Information provided:
━━━━━━
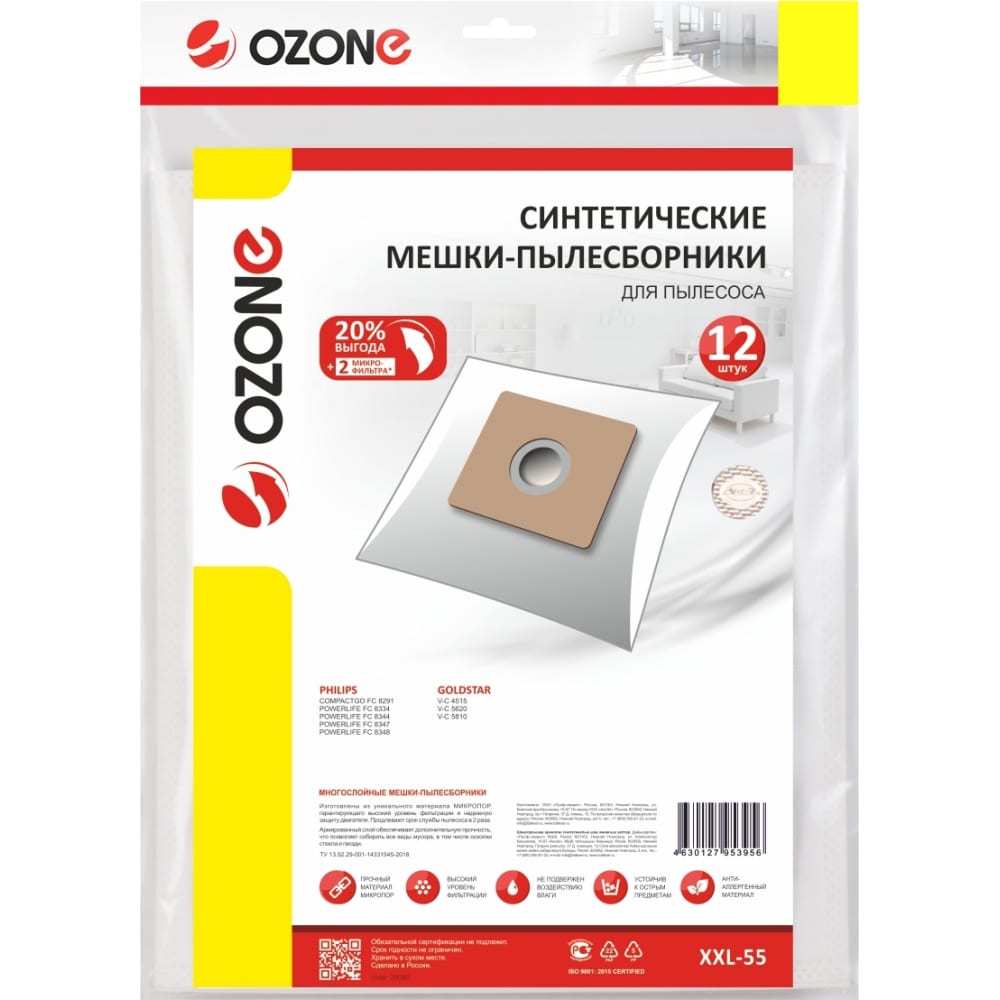 Синтетические мешки-пылесборники для пылесоса OZONE синтетические мешки пылесборники для пылесоса ozone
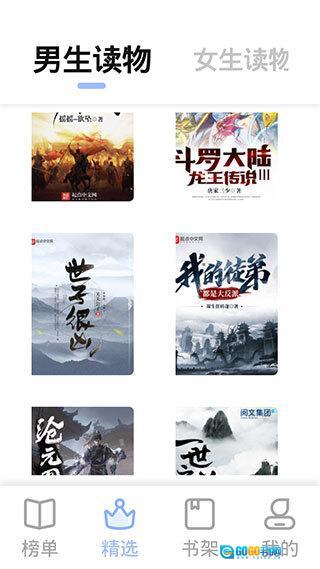 凡文阅读去广告不升级版图4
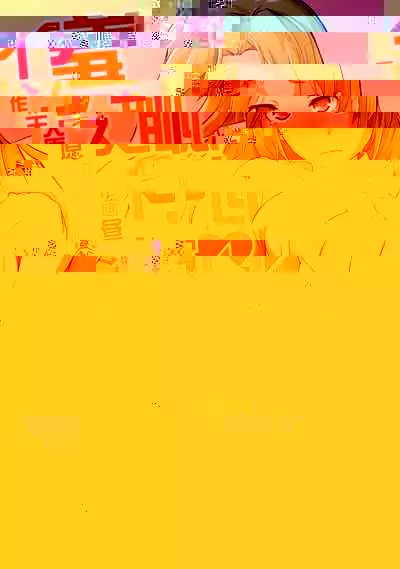 Shuuchishin Install | Shameful Installation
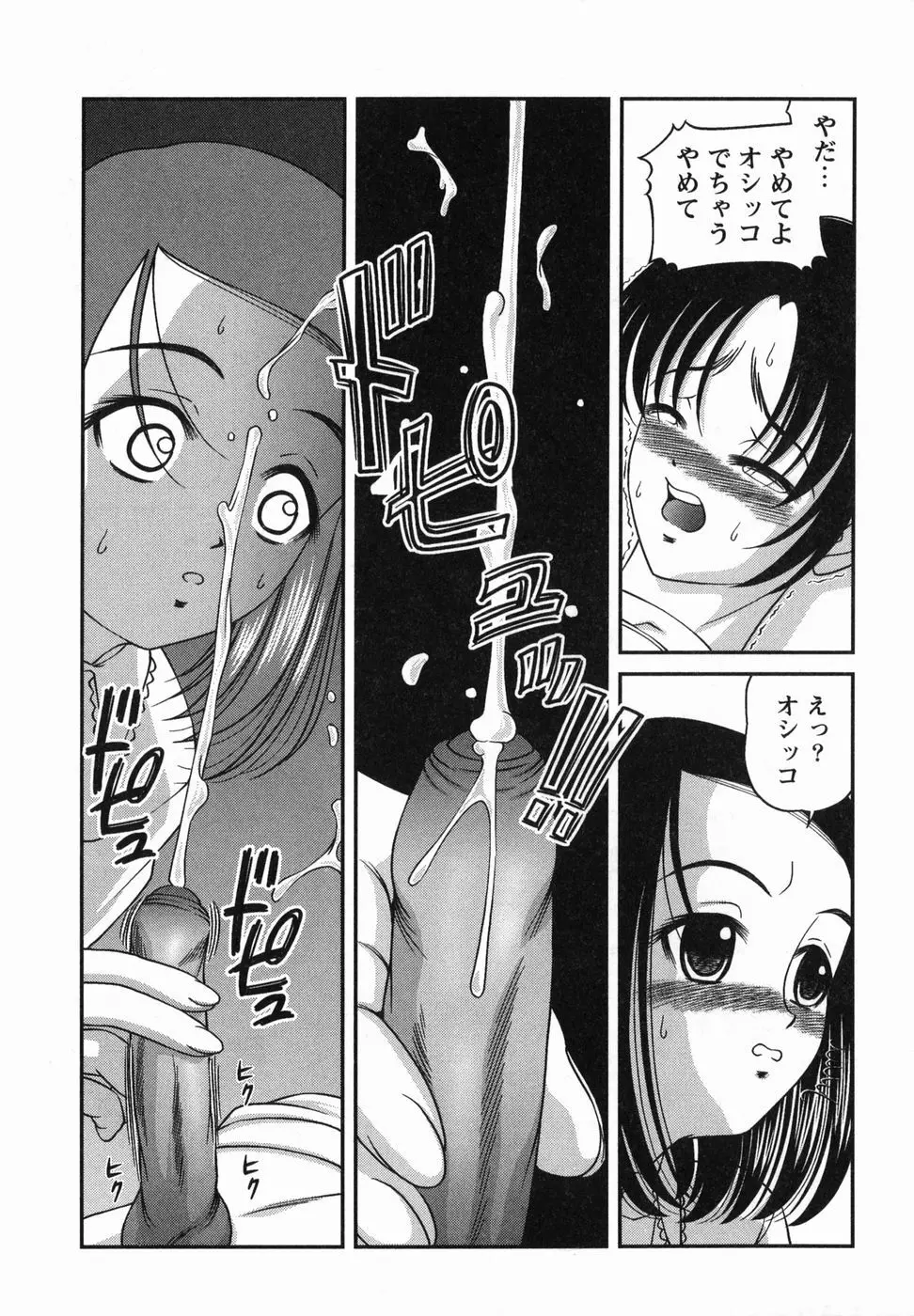 悦楽の蜜室 Page.124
━━━━━━
Reproduce the listing verbatim, pictures excluded.

Task response:
 Синтетические мешки-пылесборники для пылесоса OZONE синтетические мешки пылесборники для пылесоса ozone
 凡文阅读去广告不升级版图4
 Shuuchishin Install | Shameful Installation
 悦楽の蜜室 Page.124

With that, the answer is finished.